- Extracted information
┌──
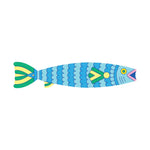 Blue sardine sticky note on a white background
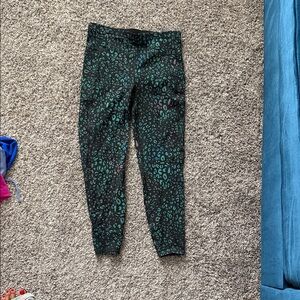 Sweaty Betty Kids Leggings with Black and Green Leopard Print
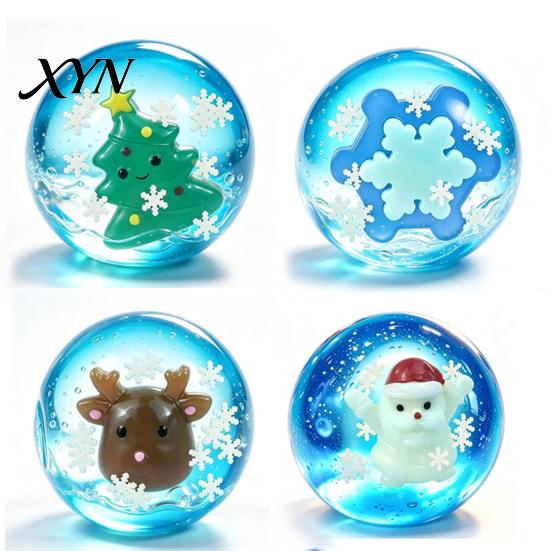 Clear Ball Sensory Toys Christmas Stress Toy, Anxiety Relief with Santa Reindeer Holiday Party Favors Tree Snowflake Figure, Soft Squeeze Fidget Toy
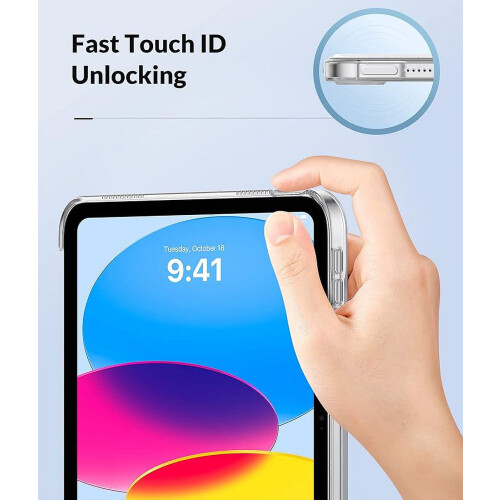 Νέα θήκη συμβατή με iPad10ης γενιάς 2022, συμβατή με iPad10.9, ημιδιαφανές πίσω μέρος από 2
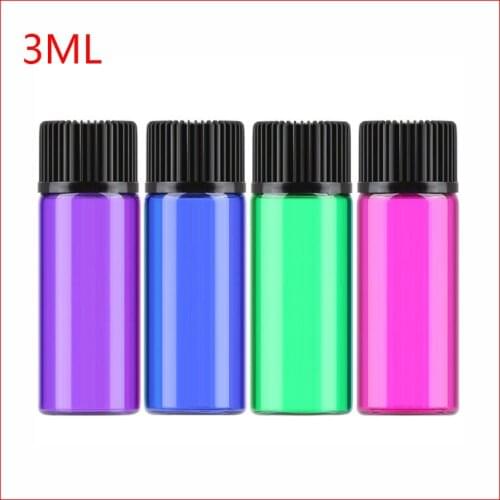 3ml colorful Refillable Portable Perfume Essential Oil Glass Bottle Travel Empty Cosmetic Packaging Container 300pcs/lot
└──
┌──
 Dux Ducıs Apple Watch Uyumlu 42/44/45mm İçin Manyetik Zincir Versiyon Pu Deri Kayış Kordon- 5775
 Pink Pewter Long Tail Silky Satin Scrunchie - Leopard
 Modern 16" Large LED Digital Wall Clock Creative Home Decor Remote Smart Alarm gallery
└──
┌──
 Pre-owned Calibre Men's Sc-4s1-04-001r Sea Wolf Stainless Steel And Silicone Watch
└──
When a line of the records includes "Watch", that line belongs in the answer.

- Written solution
 Dux Ducıs Apple Watch Uyumlu 42/44/45mm İçin Manyetik Zincir Versiyon Pu Deri Kayış Kordon- 5775
 Pre-owned Calibre Men's Sc-4s1-04-001r Sea Wolf Stainless Steel And Silicone Watch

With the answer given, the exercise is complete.